2. Yes, she will help you with 5 partner points. You only need a suitable skills assessment, and not years of work experience.


----------



## gargn1420 (Mar 6, 2018)

Thanks

Also can you please advise whether I shud apply for 190 in ICT BA skill at 80 points or in 189 at 70 points. Someone told me 70 points are not good enough to get a PR now.


----------



## JASN2015 (Dec 16, 2017)

gargn1420 said:


> Thanks
> 
> Also can you please advise whether I shud apply for 190 in ICT BA skill at 80 points or in 189 at 70 points.
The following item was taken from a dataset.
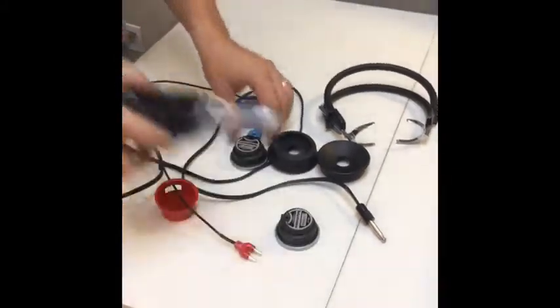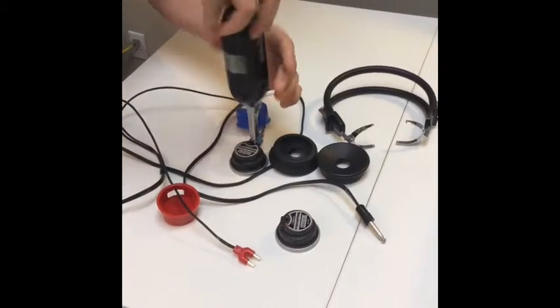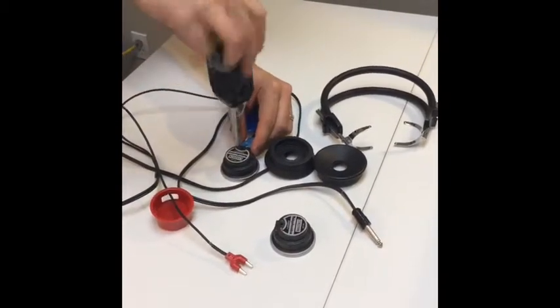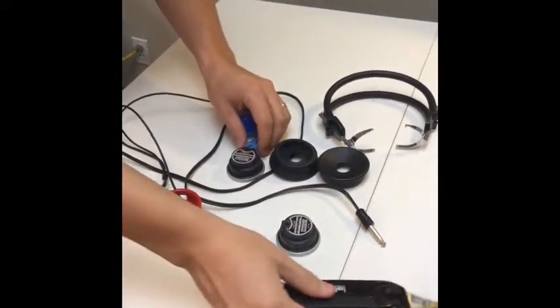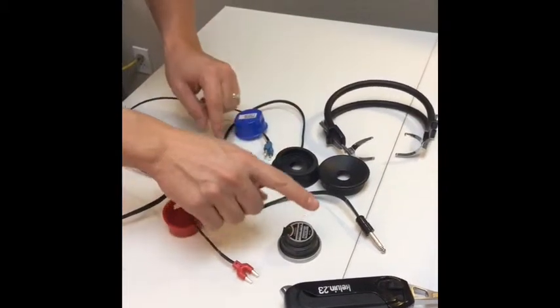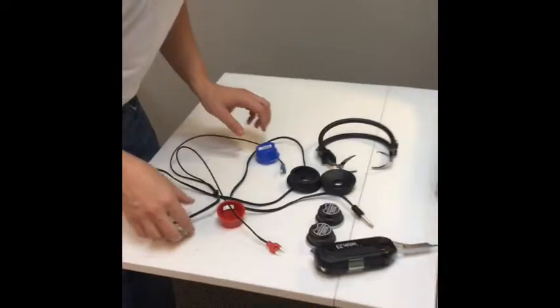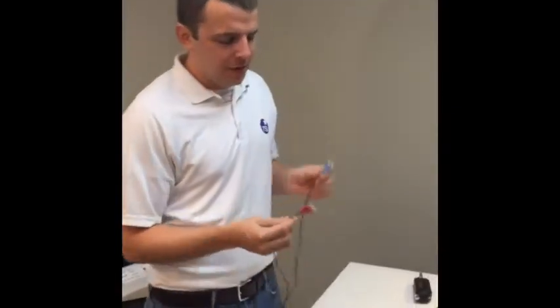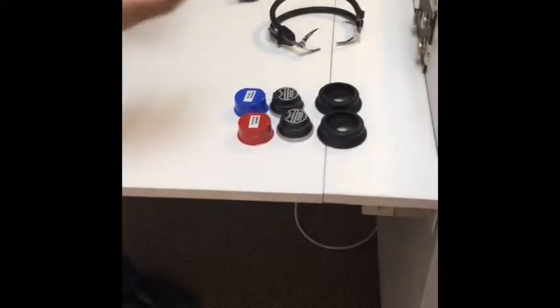We'll do the same on the left side — two to three turns to loosen each screw — then slide those out. We'll note that this is our right and this is our left. Now we'll get our replacement headphone cord. We have red for right and blue for left. I've lined these up as I disassembled them so we can just put them right back together.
Someone told me 70 points are not good enough to get a PR now.


You can apply for 190 and 189 at the same time, and then you will be invited either 190 or 189 (many members here apply for both visas in separate eoii.)


----------



## gargn1420 (Mar 6, 2018)

JASN2015 said:


> You can apply for 190 and 189 at the same time, and then you will be invited either 190 or 189 (many members here apply for both visas in separate eoii.)


So you are saying I then apply to the visa whose invite come first??

Do you have an idea oh how much does the waiting time differs for 189 and 190 NSW ?? And if I have already got my partner sill assessmnet done which will give an extra 5 points in 190..then why to wait/opt for 189??


----------



## JASN2015 (Dec 16, 2017)

gargn1420 said:


> So you are saying I then apply to the visa whose invite come first??
> 
> Do you have an idea oh how much does the waiting time differs for 189 and 190 NSW ?? And if I have already got my partner sill assessmnet done which will give an extra 5 points in 190..then why to wait/opt for 189??


Yes,, you can apply for what is come first

For 189 visa,, selecting procedure varies state to state,,(it depends on occupation, English, experience,and many more)
What is your occupation?

For 189 ,it has cut-off points in each selection round depending on the occupation,doe, points,etc,,some occupation are categorised as pro-rata occupation which needs higher points that other occupations.

Friend don't delay the process
Submit a eoii and you can update it anytime when you get extra points for partner,, English,,etc.


----------